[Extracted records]
=== Section Start ===

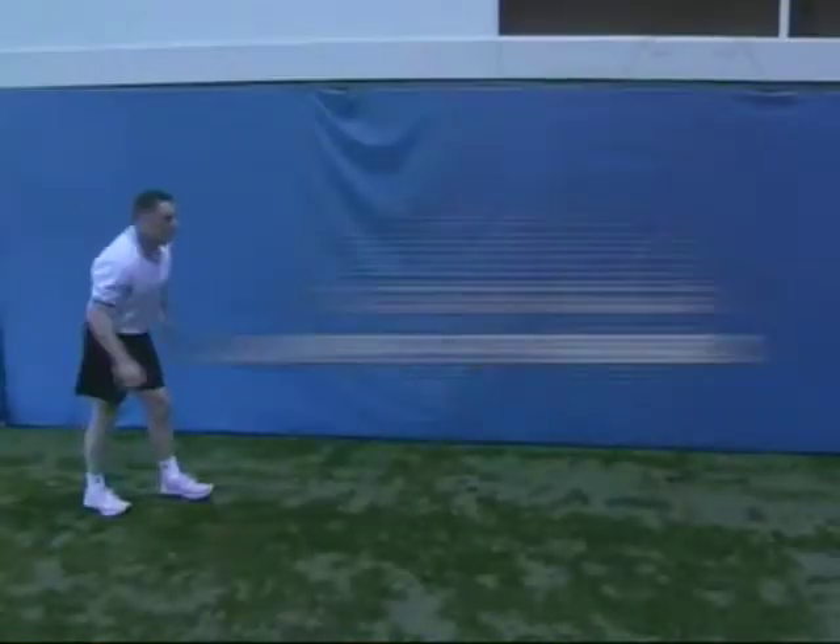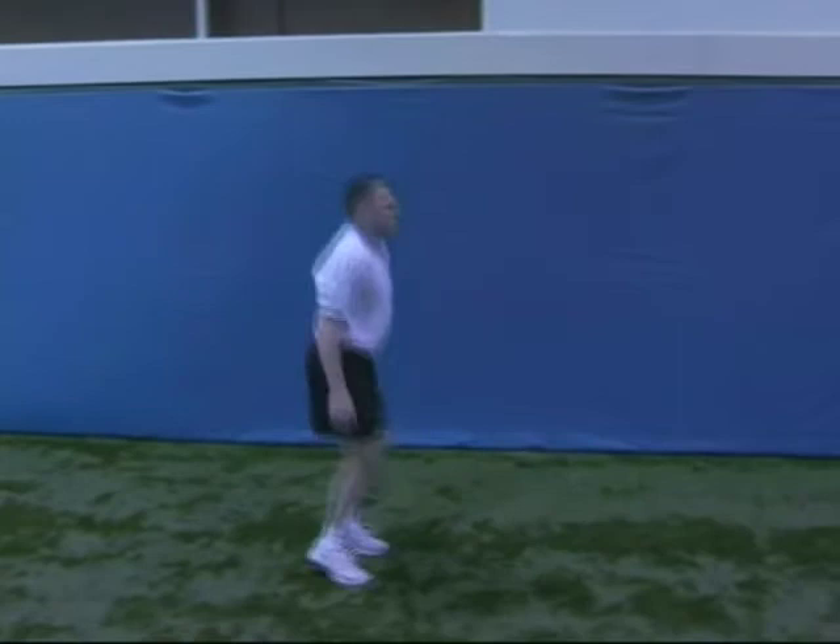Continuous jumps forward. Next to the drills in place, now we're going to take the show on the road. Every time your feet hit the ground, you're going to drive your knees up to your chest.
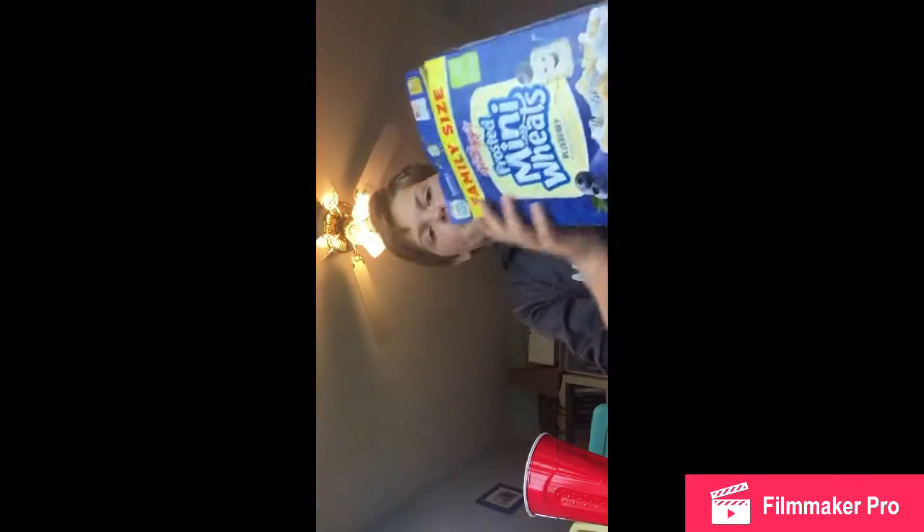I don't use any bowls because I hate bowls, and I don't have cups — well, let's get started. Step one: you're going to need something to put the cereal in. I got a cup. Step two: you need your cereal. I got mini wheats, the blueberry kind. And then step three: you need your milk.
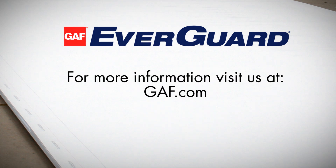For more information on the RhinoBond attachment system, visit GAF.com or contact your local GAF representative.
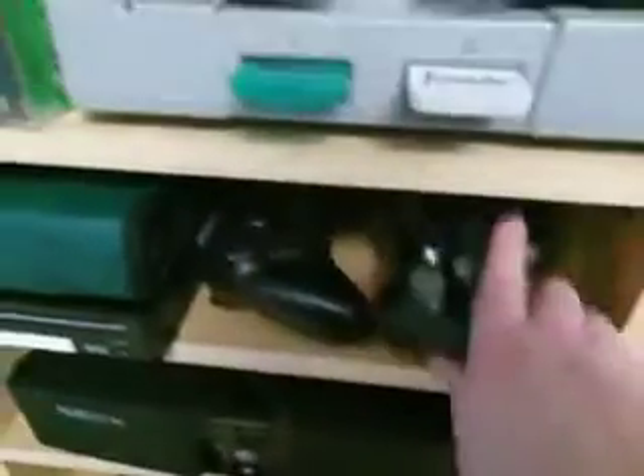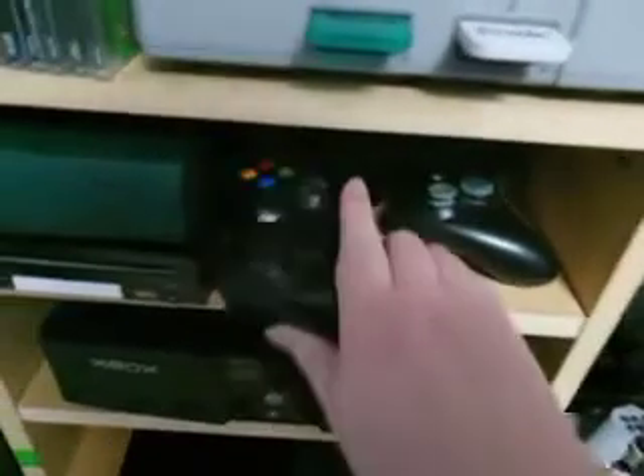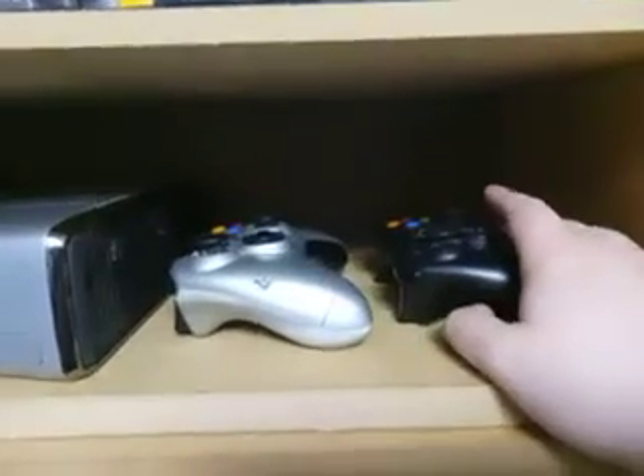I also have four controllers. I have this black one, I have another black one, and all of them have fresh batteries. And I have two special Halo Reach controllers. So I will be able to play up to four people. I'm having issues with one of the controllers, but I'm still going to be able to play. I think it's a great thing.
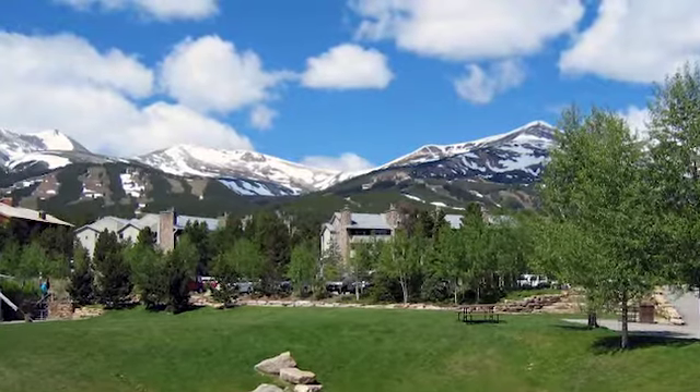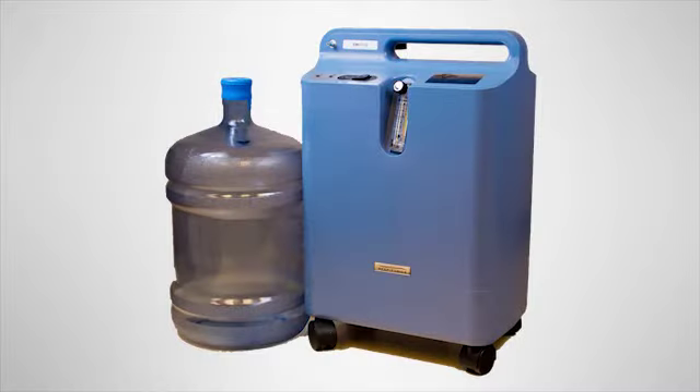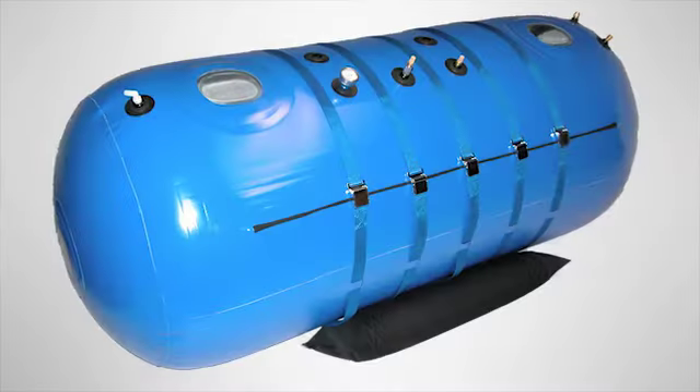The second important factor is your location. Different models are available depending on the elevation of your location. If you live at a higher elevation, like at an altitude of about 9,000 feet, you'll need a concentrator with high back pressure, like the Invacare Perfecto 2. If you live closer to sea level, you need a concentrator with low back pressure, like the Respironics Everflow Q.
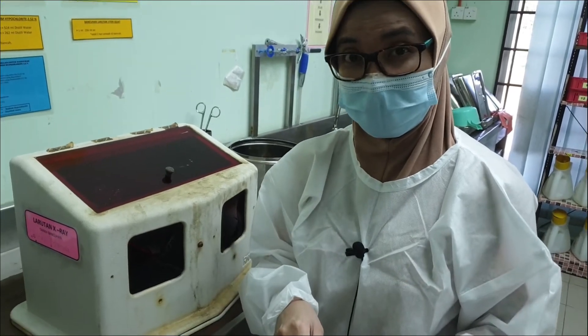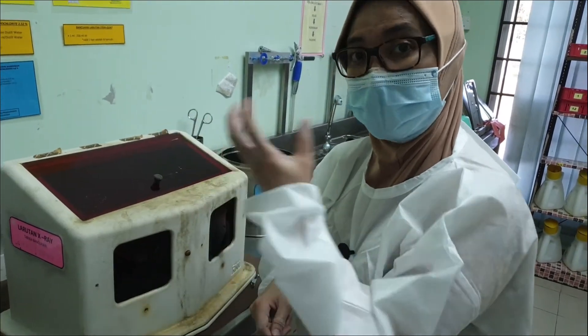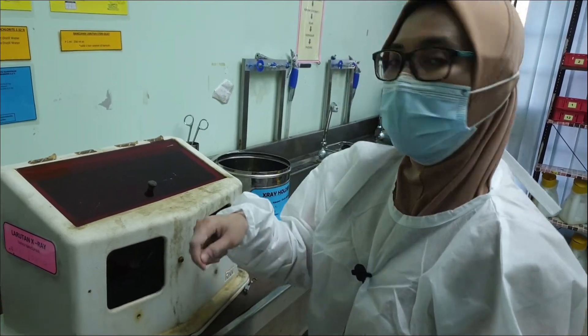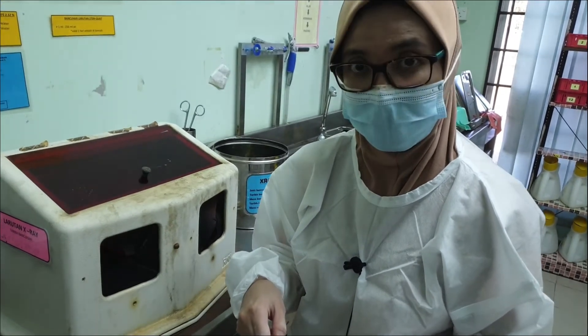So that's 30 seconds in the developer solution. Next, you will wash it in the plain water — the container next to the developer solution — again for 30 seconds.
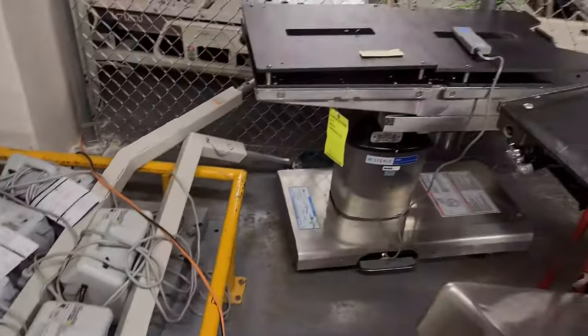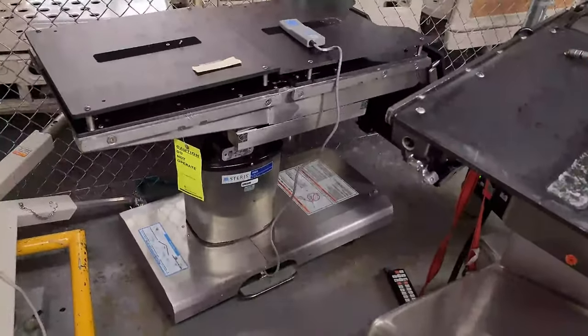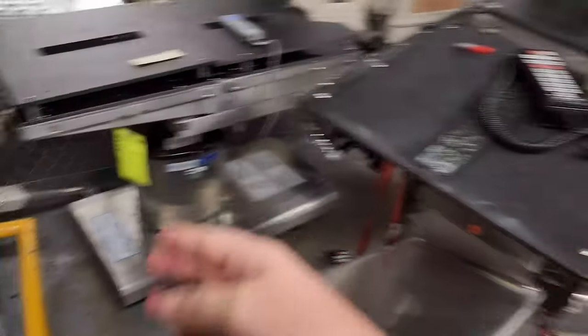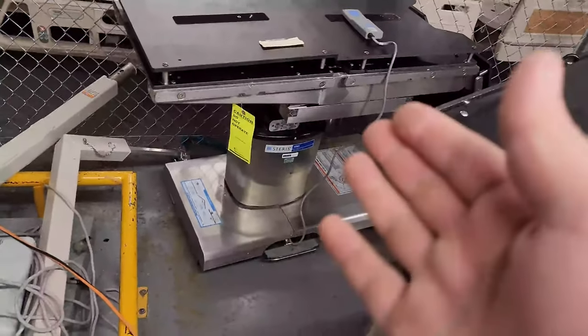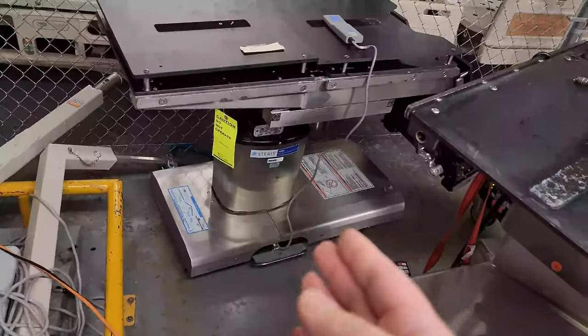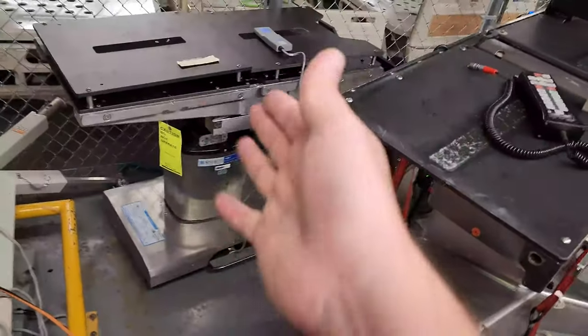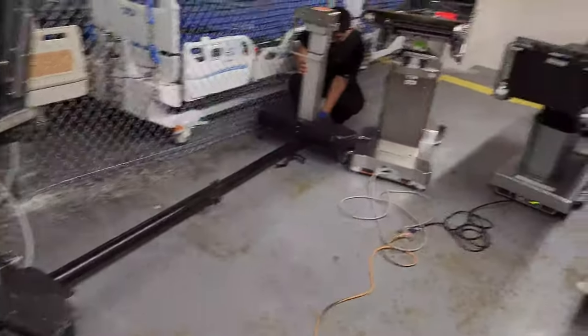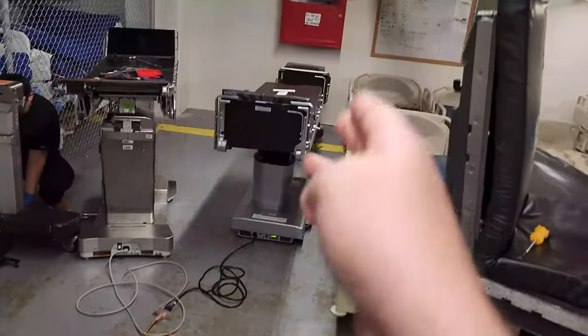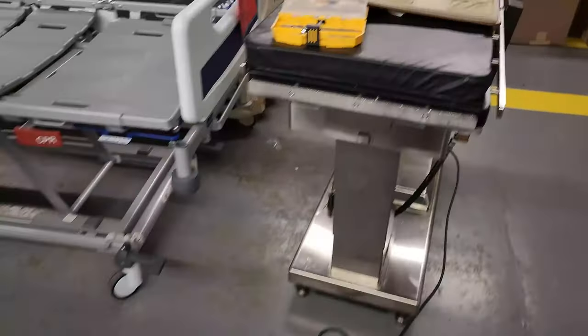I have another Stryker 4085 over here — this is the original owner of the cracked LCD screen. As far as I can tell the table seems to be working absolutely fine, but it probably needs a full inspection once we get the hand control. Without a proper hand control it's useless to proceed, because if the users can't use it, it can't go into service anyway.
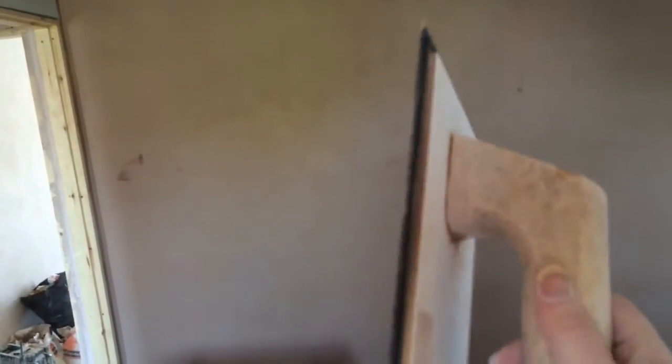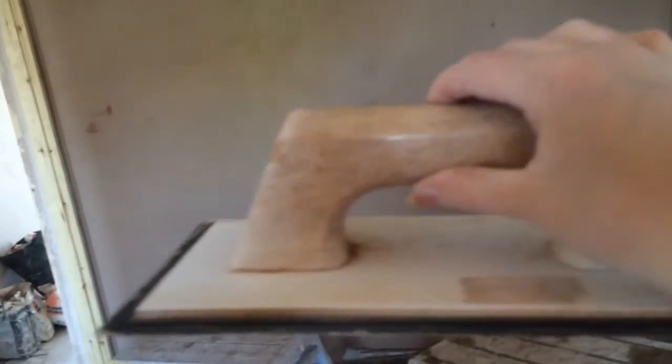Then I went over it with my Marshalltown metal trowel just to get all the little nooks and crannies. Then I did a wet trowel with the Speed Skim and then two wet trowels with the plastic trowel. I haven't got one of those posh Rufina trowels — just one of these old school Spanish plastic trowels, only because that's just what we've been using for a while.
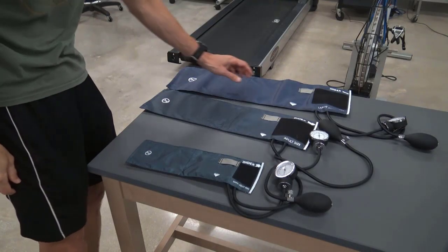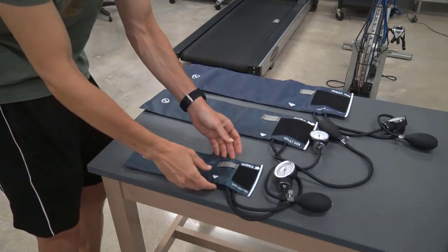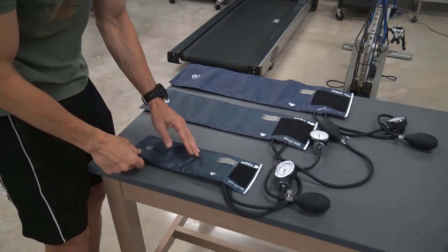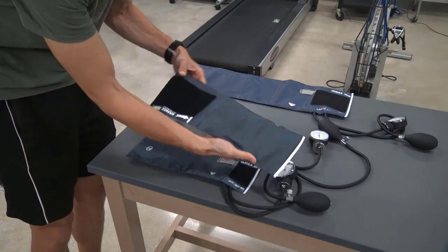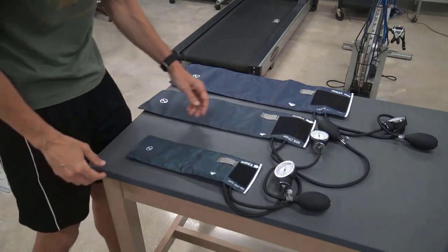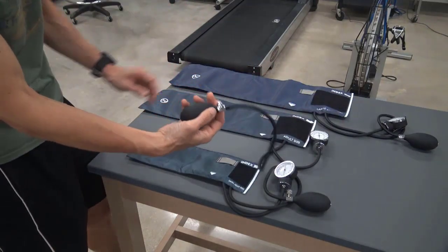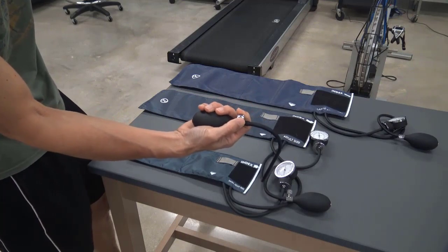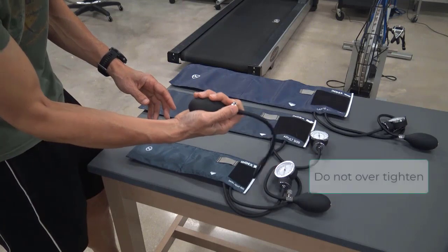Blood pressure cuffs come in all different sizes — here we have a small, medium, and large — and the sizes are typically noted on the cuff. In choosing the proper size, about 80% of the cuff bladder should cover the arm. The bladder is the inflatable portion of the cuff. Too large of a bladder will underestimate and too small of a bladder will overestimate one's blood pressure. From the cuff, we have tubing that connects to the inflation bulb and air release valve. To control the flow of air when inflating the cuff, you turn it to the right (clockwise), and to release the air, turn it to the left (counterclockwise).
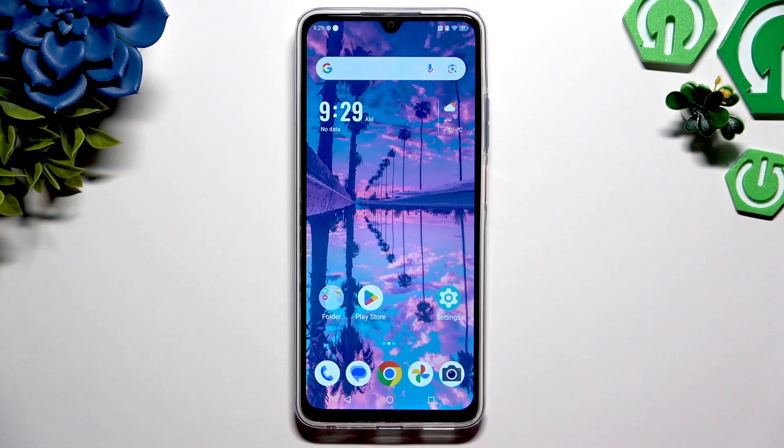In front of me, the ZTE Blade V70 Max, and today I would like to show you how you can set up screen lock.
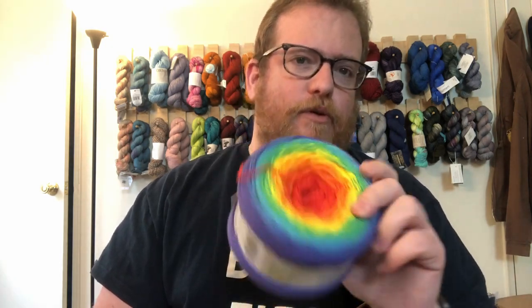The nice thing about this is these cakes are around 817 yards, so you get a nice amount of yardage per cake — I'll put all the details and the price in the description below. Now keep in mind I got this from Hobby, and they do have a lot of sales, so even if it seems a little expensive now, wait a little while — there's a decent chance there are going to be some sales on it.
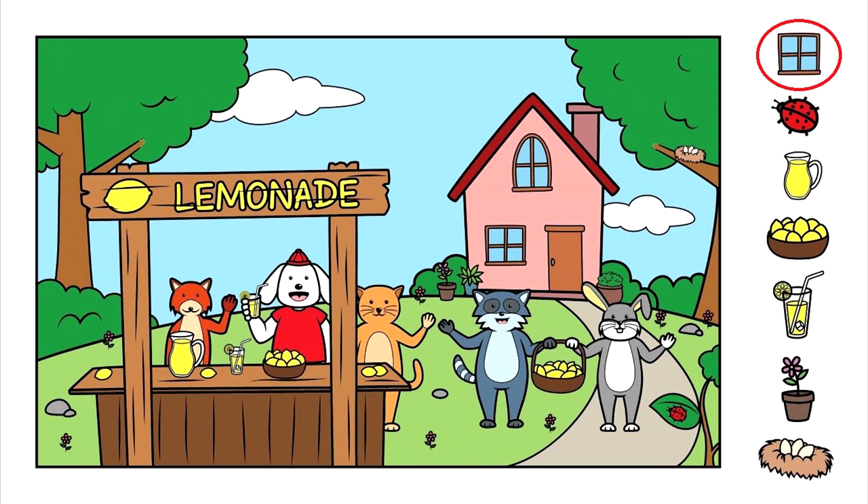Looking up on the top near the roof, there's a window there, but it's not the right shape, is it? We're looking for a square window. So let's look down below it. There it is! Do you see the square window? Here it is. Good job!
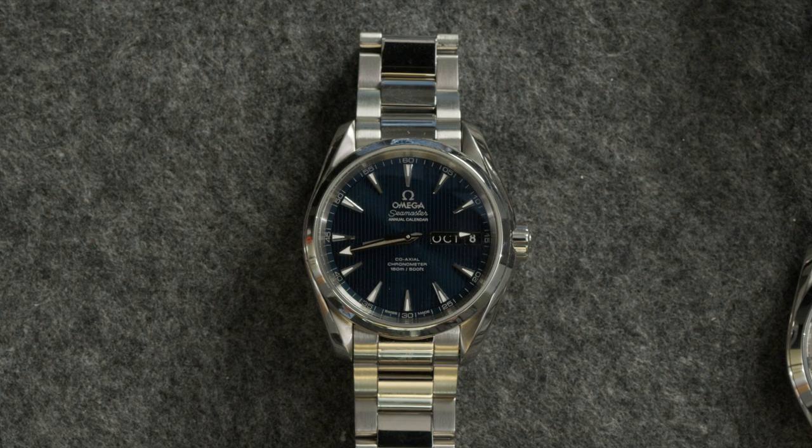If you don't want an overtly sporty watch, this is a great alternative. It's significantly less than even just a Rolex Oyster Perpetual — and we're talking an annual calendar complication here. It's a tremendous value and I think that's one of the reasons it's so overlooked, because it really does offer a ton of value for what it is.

=== Section End ===

Please give the data again in full, exactly as written, but without any images.

__EXERCISE OUTPUT__
Continuous jumps forward. Next to the drills in place, now we're going to take the show on the road. Every time your feet hit the ground, you're going to drive your knees up to your chest.
I don't use any bowls because I hate bowls, and I don't have cups — well, let's get started. Step one: you're going to need something to put the cereal in. I got a cup. Step two: you need your cereal. I got mini wheats, the blueberry kind. And then step three: you need your milk.
For more information on the RhinoBond attachment system, visit GAF.com or contact your local GAF representative.
I also have four controllers. I have this black one, I have another black one, and all of them have fresh batteries. And I have two special Halo Reach controllers. So I will be able to play up to four people. I'm having issues with one of the controllers, but I'm still going to be able to play. I think it's a great thing.
The second important factor is your location. Different models are available depending on the elevation of your location. If you live at a higher elevation, like at an altitude of about 9,000 feet, you'll need a concentrator with high back pressure, like the Invacare Perfecto 2. If you live closer to sea level, you need a concentrator with low back pressure, like the Respironics Everflow Q.
So that's 30 seconds in the developer solution. Next, you will wash it in the plain water — the container next to the developer solution — again for 30 seconds.
I have another Stryker 4085 over here — this is the original owner of the cracked LCD screen. As far as I can tell the table seems to be working absolutely fine, but it probably needs a full inspection once we get the hand control. Without a proper hand control it's useless to proceed, because if the users can't use it, it can't go into service anyway.
Then I went over it with my Marshalltown metal trowel just to get all the little nooks and crannies. Then I did a wet trowel with the Speed Skim and then two wet trowels with the plastic trowel. I haven't got one of those posh Rufina trowels — just one of these old school Spanish plastic trowels, only because that's just what we've been using for a while.
Blood pressure cuffs come in all different sizes — here we have a small, medium, and large — and the sizes are typically noted on the cuff. In choosing the proper size, about 80% of the cuff bladder should cover the arm. The bladder is the inflatable portion of the cuff. Too large of a bladder will underestimate and too small of a bladder will overestimate one's blood pressure. From the cuff, we have tubing that connects to the inflation bulb and air release valve. To control the flow of air when inflating the cuff, you turn it to the right (clockwise), and to release the air, turn it to the left (counterclockwise).
In front of me, the ZTE Blade V70 Max, and today I would like to show you how you can set up screen lock.
The nice thing about this is these cakes are around 817 yards, so you get a nice amount of yardage per cake — I'll put all the details and the price in the description below. Now keep in mind I got this from Hobby, and they do have a lot of sales, so even if it seems a little expensive now, wait a little while — there's a decent chance there are going to be some sales on it.
Looking up on the top near the roof, there's a window there, but it's not the right shape, is it? We're looking for a square window. So let's look down below it. There it is! Do you see the square window? Here it is. Good job!
If you don't want an overtly sporty watch, this is a great alternative. It's significantly less than even just a Rolex Oyster Perpetual — and we're talking an annual calendar complication here. It's a tremendous value and I think that's one of the reasons it's so overlooked, because it really does offer a ton of value for what it is.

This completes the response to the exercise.